# Your objective:
Return the listing below exactly, with the pictures dropped.

=== Begin Enclosure ===

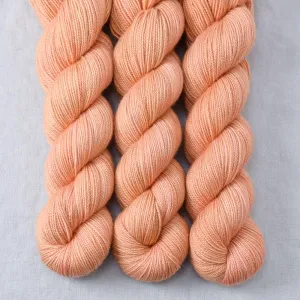 Ascent - Yummy 2-Ply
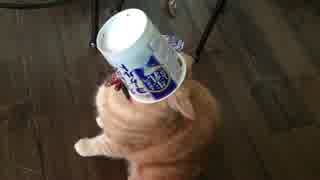 ぺろぺろぺろぺろ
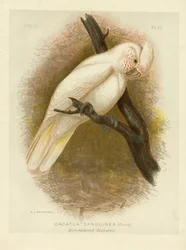 Cacatúa manchada de sangre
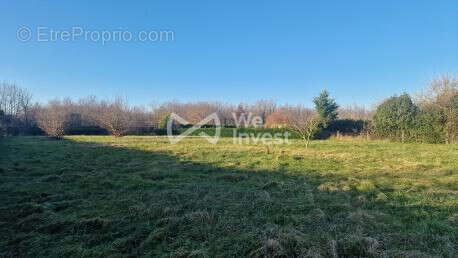 Terrain 882 m² à Castelsarrasin  - photo 3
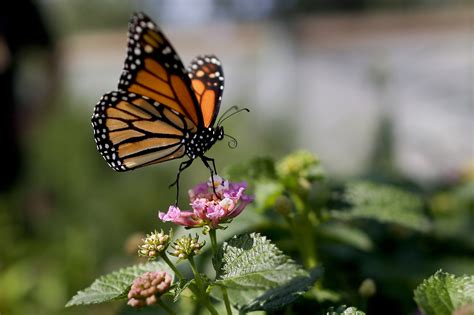 monarch butterfly population moves closer  extinction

=== End Enclosure ===

# Response box:
 Ascent - Yummy 2-Ply
 ぺろぺろぺろぺろ
 Cacatúa manchada de sangre
 Terrain 882 m² à Castelsarrasin  - photo 3
 monarch butterfly population moves closer  extinction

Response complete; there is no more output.